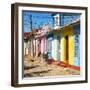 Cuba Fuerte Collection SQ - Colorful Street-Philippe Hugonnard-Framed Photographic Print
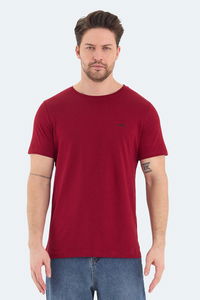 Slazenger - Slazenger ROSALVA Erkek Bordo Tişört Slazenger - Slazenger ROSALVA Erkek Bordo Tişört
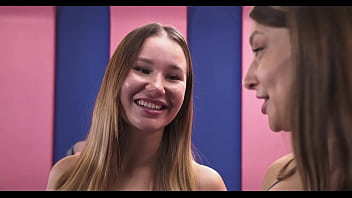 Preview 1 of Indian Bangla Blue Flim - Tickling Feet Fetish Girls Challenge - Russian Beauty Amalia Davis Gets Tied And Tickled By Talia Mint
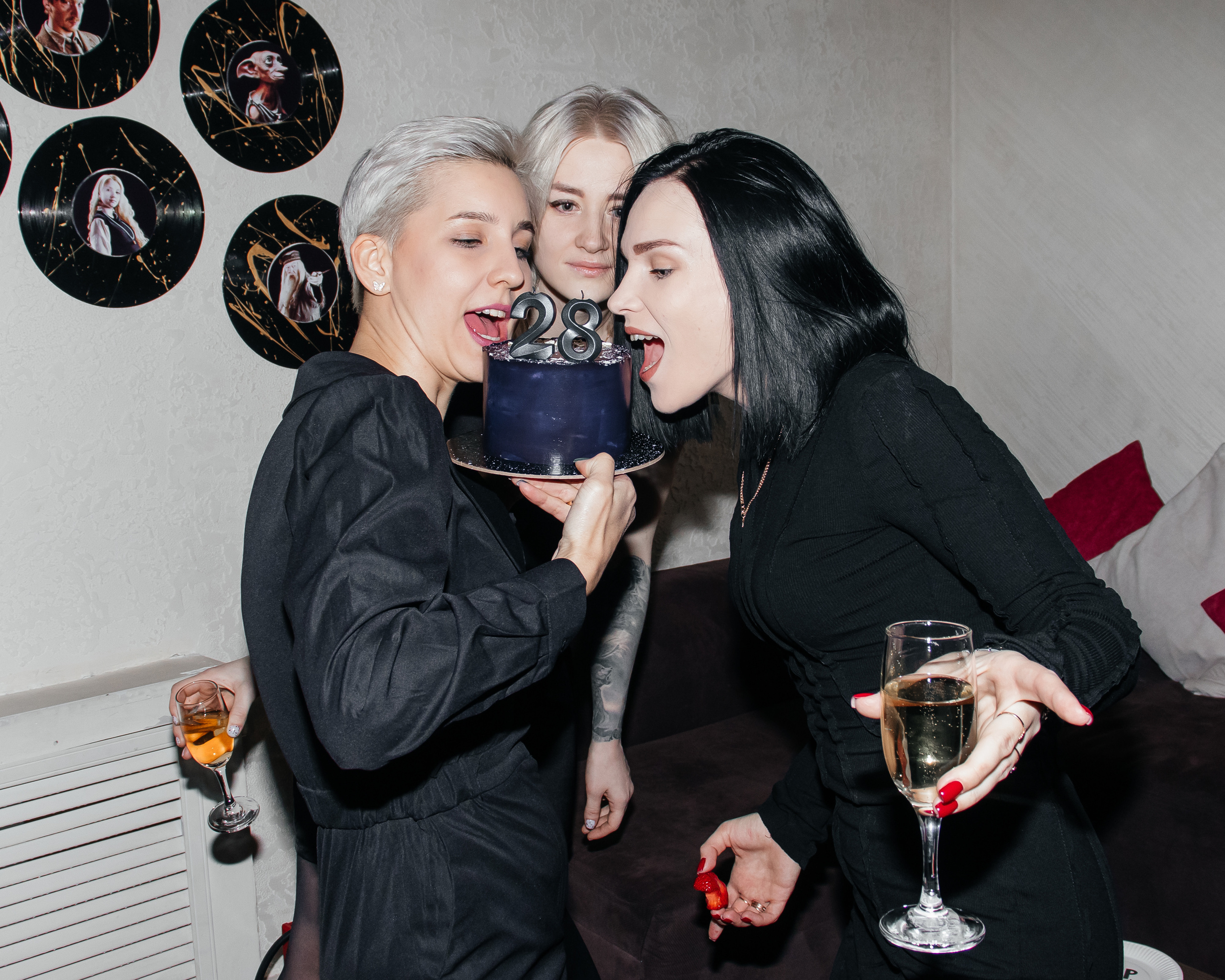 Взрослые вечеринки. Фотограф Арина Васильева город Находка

*PROBLEM TO SOLVE*: Quote the data above in full and without alteration; skip the pictures.

*SOLVED EXERCISE*:
 Cuba Fuerte Collection SQ - Colorful Street-Philippe Hugonnard-Framed Photographic Print
 Slazenger - Slazenger ROSALVA Erkek Bordo Tişört Slazenger - Slazenger ROSALVA Erkek Bordo Tişört
 Preview 1 of Indian Bangla Blue Flim - Tickling Feet Fetish Girls Challenge - Russian Beauty Amalia Davis Gets Tied And Tickled By Talia Mint
 Взрослые вечеринки. Фотограф Арина Васильева город Находка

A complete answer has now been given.